I’m arguing here that the roots of the problem are worse than a tangled mesh buried in concrete, lead, and uranium. The roots of the problem are buried in the fibre of the Universe itself. Instead of leaping straight to the leaves of the problem, I’ll raise my eyes just a little bit up.

One might squint a little bit harder and see that the trunk of the problem is clear, it’s in how the preferences of a community are aggregated, constituted, and applied. How do we, as a group of people in dialogue with one another, want to engage the beauty, horror, and beauty of such a fuzzy environment? How we gain the knowledge of knowing how to distinguish what is knowledge and what is not?

There’s a way we like to operate in The West. Starving to death sucks. And famine was happening a lot. So we started an effort to isolate the reasons why crops grow and why they don’t. We organized. Then we organized reality so we could control as many variables as possible. This impulse reaches its height with the Randomized Control Trial (RCT). Then we organized communities to look at the data and decide what is truth and what isn’t. And we got extreme with it. We organized forests of all things, planting trees in straight lines, planted children in straight lined desks and give them all the same tests, and planted ideas in straight lined newsfeeds and even called those communities. We control variables to understand them.

And for the most part it has worked. I like Canada – with nutrition in my body, heat on my skin in winter, air conditioning in summer, I get a ballot to hire people, I don’t fear cholera, smallpox or the plague, and from time to get to eat cheese and apple slices while flying 36,000 feet above the ground at 871 km/h. I don’t remember a famine in my lifetime. Science, patience, and learning about our ourselves in fuzzy environments has generally made our condition, and society, somewhat better. It has been effective. We could continue accumulating knowledge to make society, and the communities we live in (both meatspace and cyberspace), better.

And we’re learning more about ourselves in these social spaces [6].

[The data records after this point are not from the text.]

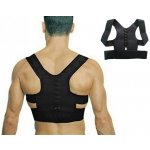 APT AG431A Magnetický korektor zad vel. S černý – Zboží Dáma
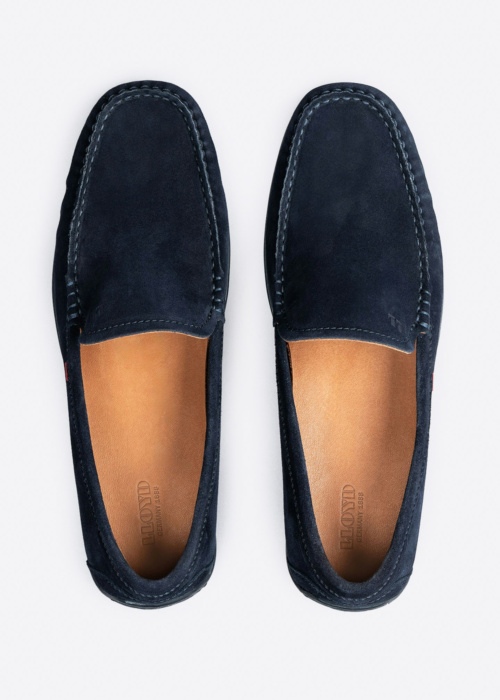 Lloyd mokasinai Emilio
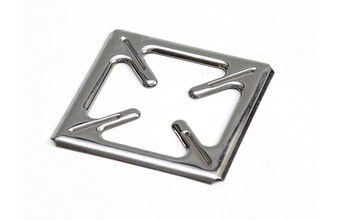 Rozptylovač pl. mřížka nerez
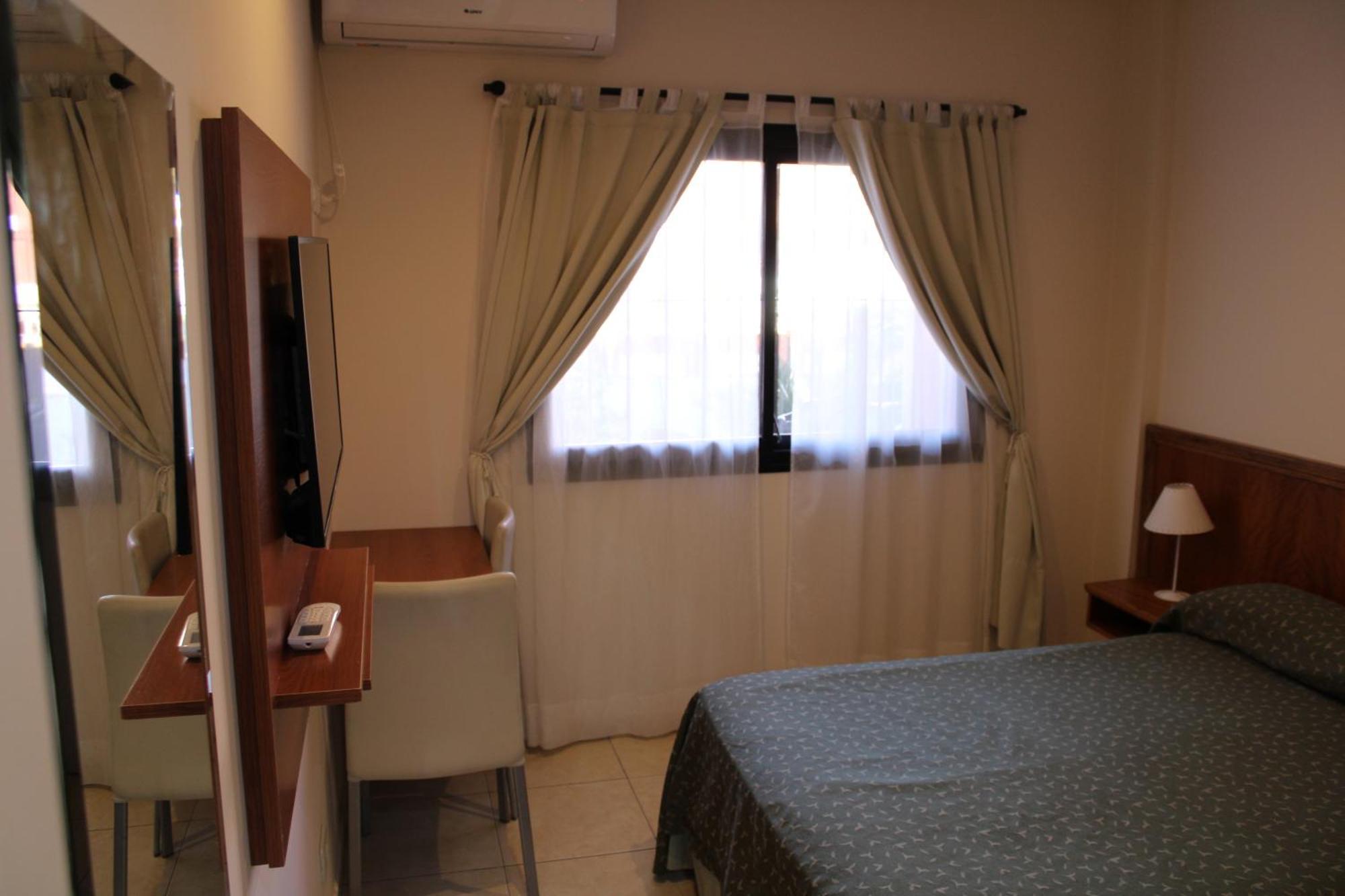 Hotel Bella Costa 卢西拉德尔玛 外观 照片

In aggregate, we know that output of moderation works because some communities continue to create value. The process to get moderation to work better, or more often, is quite a bit trickier. There’s so much failure. There are so many false starts. There’s a bit of a power-law distribution when it comes to encouraging moderate communities to come into being, isn’t there? It’s still relatively rare that a community delivers aggregate social utility to its members, sustainably, or a moderate-run of time. What can be done to improve society somewhat?

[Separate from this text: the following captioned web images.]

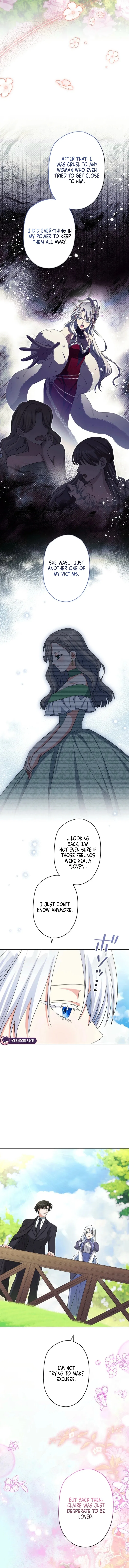 I Awakened as the Most Fearsome Stepmother?! Chapter 26 – Page 12
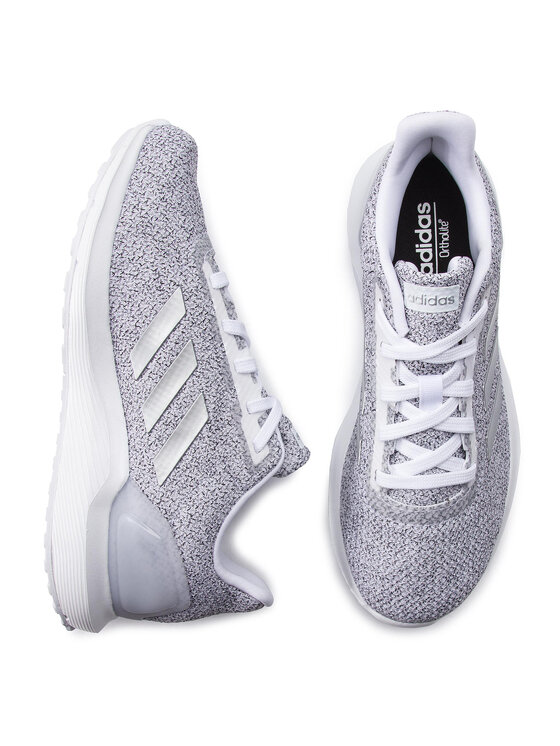 adidas Buty do biegania Cosmic 2 DB1760 Szary Modivo.pl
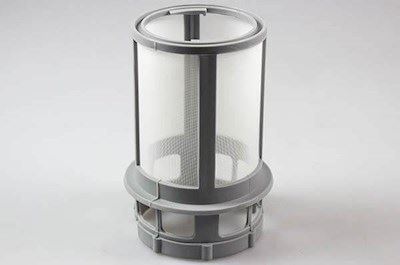 Filter, Hotpoint-Ariston dishwasher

I argue that it’s worth the effort to organize the knowledge about moderation because it’s at the trunk of what we do, given the beauty and existential catastrophe at the roots.

Which is why I’m mystified by Huffman’s behaviour. Reddit is a system that creates a massive amount of metadata about metadata, and he appears to be undermining the core system that generates the underlying asset value. It’s bizarre and I don’t understand it – not from a neoliberal business perspective, or a management science perspective [7] or from any philosophy that I understand.

I wonder where the next great laboratory for moderate communities will emerge. It’s worth the effort.


[0] Kurt Gödel (1931) “Über formal unentscheidbare Sätze der Principia Mathematica und verwandter Systeme, I”, Monatshefte für Mathematik und Physik, v. 38 n. 1, pp. 173–198.

[1] Arrow, K. J. (1951). Social choice and individual values (Vol. 12). Yale university press.

[2] Bellman, R. E., & Zadeh, L. A. (1970). Decision-making in a fuzzy environment. Management science17(4), B-141.

[3] Zhu, H., Kraut, R., & Kittur, A. (2012, February). Effectiveness of shared leadership in online communities. In Proceedings of the ACM 2012 conference on computer supported cooperative work (pp. 407-416).

[4] Shirky, C. (2005). A group is its own worst enemy. The best software writing I, 183-209.

[5] Kuhn, T. S. (1962). The Structure of Scientific Revolutions. Chicago (University of Chicago Press) 1962.

[6] Aral, S. (2021). The hype machine: how social media disrupts our elections, our economy, and our health–and how we must adapt. Currency.

[7] Goldfarb, A., & Xiao, M. (2011). Who thinks about the competition? Managerial ability and strategic entry in US local telephone markets. American Economic Review101(7), 3130-3161.